- **Work instructions**:
Beginning with the line that contains "Ego-Rock Bar Sandalye", restate each line below through the final one exactly, and exclude the pictures.

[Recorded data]

------------------------------------------------

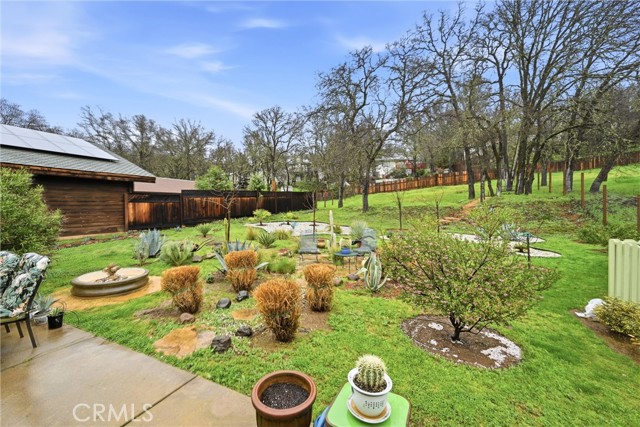 Detail Gallery Image 20 of 27 For 19072 Hidden Valley, Hidden Valley Lake,  CA 95467 - 3 Beds | 2 Baths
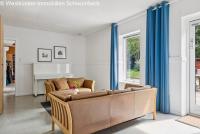 Haus kaufen Søby klein bl5gurc9wlzh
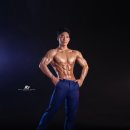 김선생휘트니스클럽 이미지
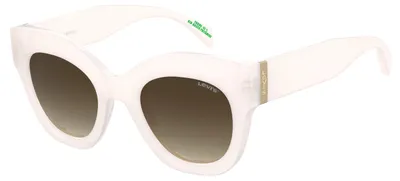 Produktbild von Damenbrille Levi'S Lv-1067-S-Vk6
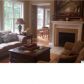 185 Ashwood Dr, Decatur, AL 35603 ID:8321657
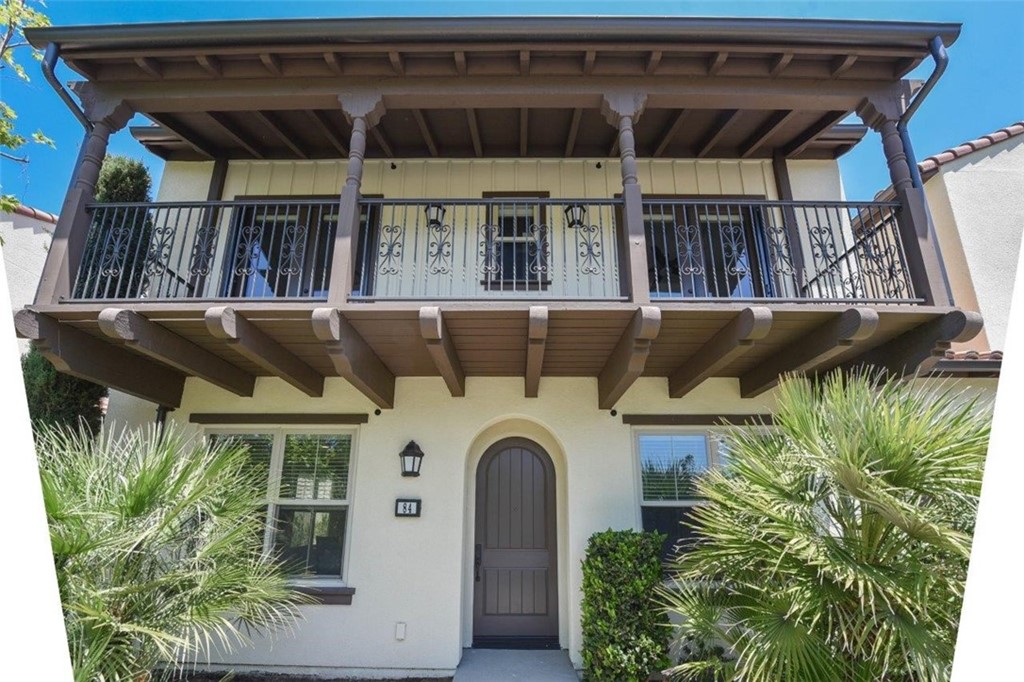 84 Jade Flower Irvine, CA 92620 - Photo 51 of 54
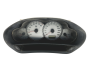 Conta-rotações Alfa Romeo 166 156033116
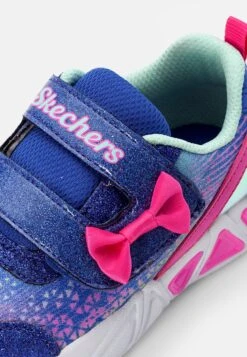 Skechers BRIGHTS - Sneakers Laag -Skechers Schoen 0a0637e5ea884c8c91868fb8cc073247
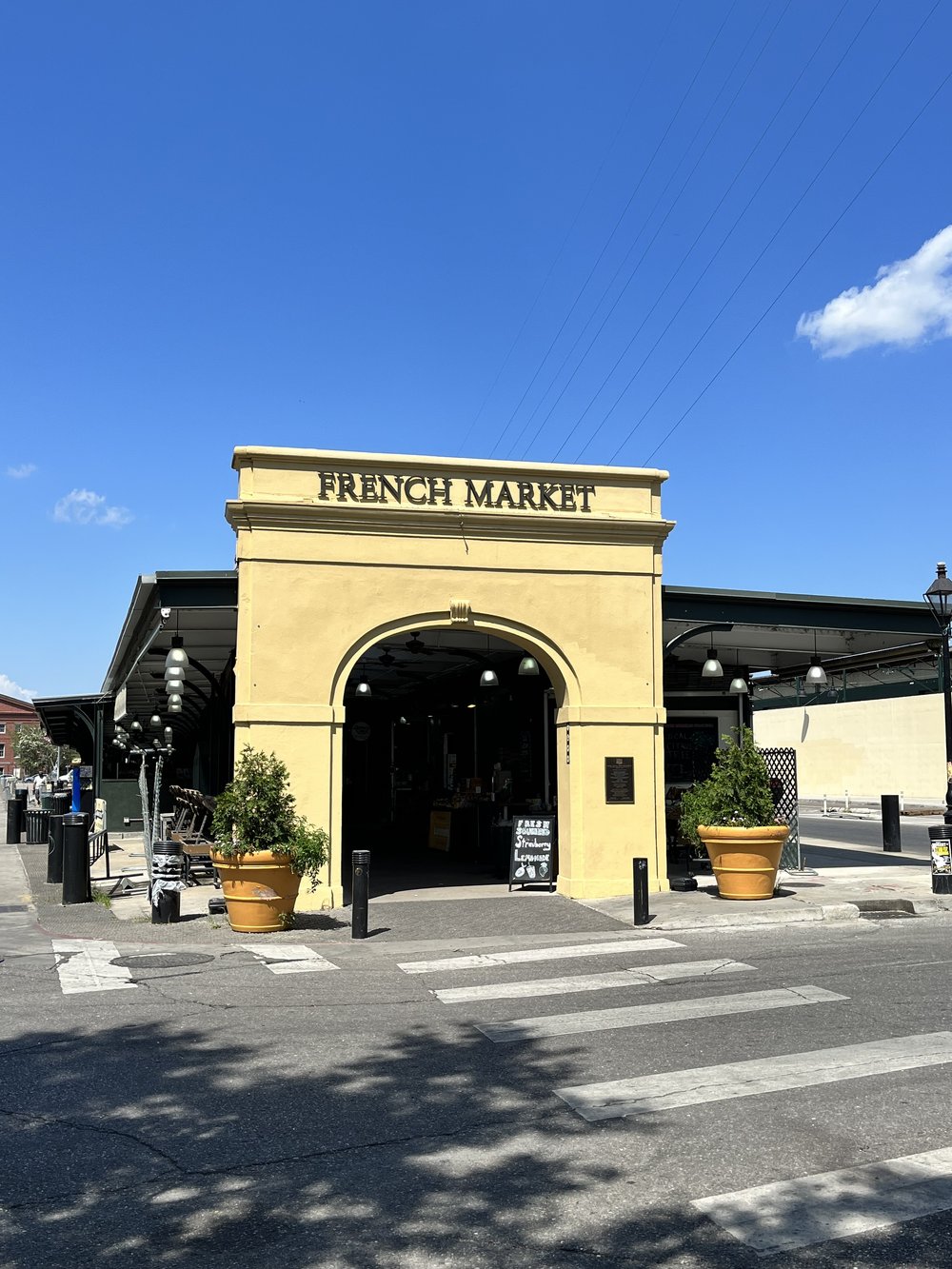 French Market entrance New Orleans LA.jpg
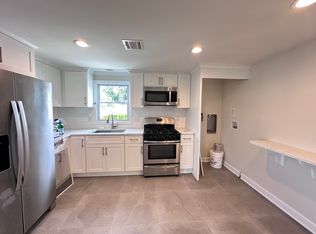 79 Tuttle St #2, Wallington, NJ 07057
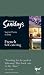 Special Places to Stay: French Self-catering, 5th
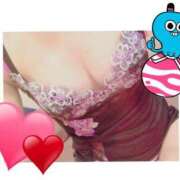 ヒメ日記 2025/03/18 13:30 投稿 ゆん ドキドキアロマ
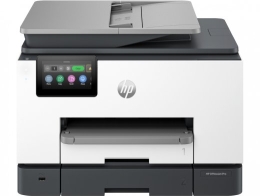 OfficeJet Pro 9132e All-in-One 404M5B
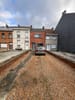 Photo 2 de 25 – Maison à La Hestre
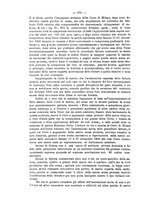 giornale/RAV0145304/1912/V.10.2/00001014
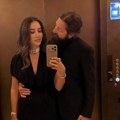 Za ovog moćnika se udaje Tamara Kalinić: Zaljubili se na prvi pogled, a imala je samo jedan strah: "Posle 30 minuta sam mu…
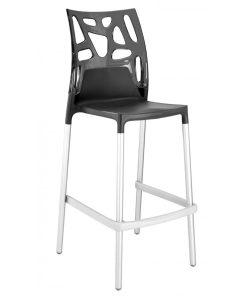 Ego-Rock Bar Sandalye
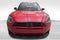 2026 MINI Cooper S Countryman S
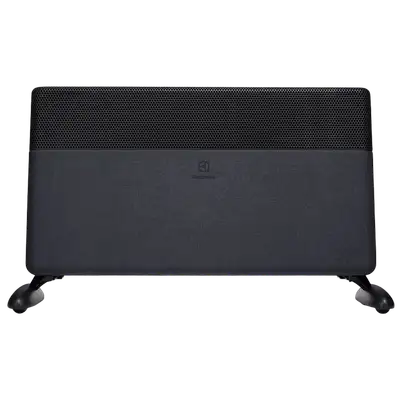 ELECTROLUX ECH/AT-2002 3AI-W SB EEC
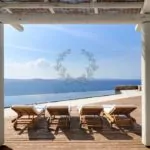 Luxury_Villa_for_Rent_Mykonos_Greece_AGN5 (12)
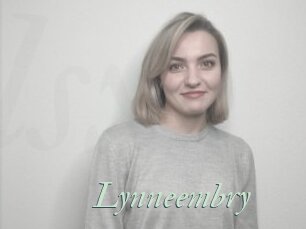 Lynneembry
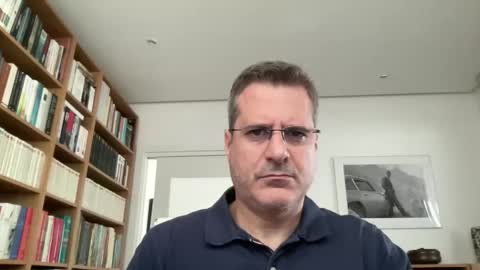 yachtcaptain7 online show from September 18, 2025, 7:10 am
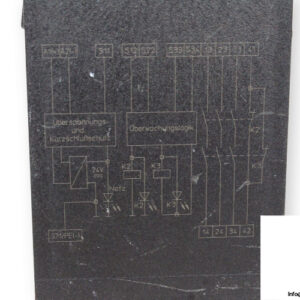 dold-BD5935.48_61-emergency-stop-module-(used)-2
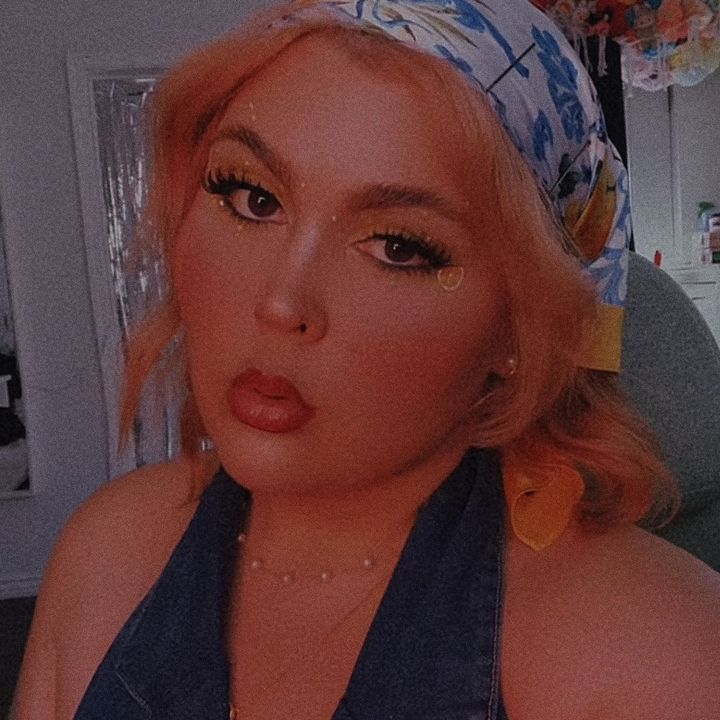 𝓙𝓮𝓼𝓼 ❤️🔥
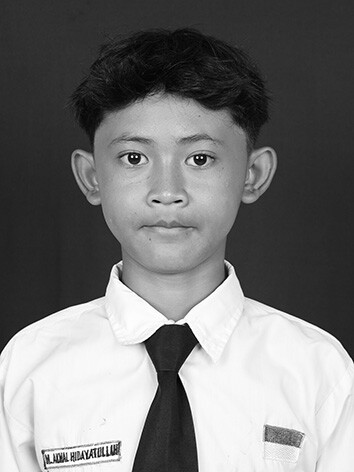 M-Akmal.jpg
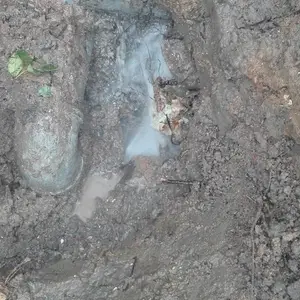 添润专业漏水检测 供水管网漏水检测 听漏 优质服务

------------------------------------------------

- **Problem solution**:
 Ego-Rock Bar Sandalye
 2026 MINI Cooper S Countryman S
 ELECTROLUX ECH/AT-2002 3AI-W SB EEC
 Luxury_Villa_for_Rent_Mykonos_Greece_AGN5 (12)
 Lynneembry
 yachtcaptain7 online show from September 18, 2025, 7:10 am
 dold-BD5935.48_61-emergency-stop-module-(used)-2
 𝓙𝓮𝓼𝓼 ❤️🔥
 M-Akmal.jpg
 添润专业漏水检测 供水管网漏水检测 听漏 优质服务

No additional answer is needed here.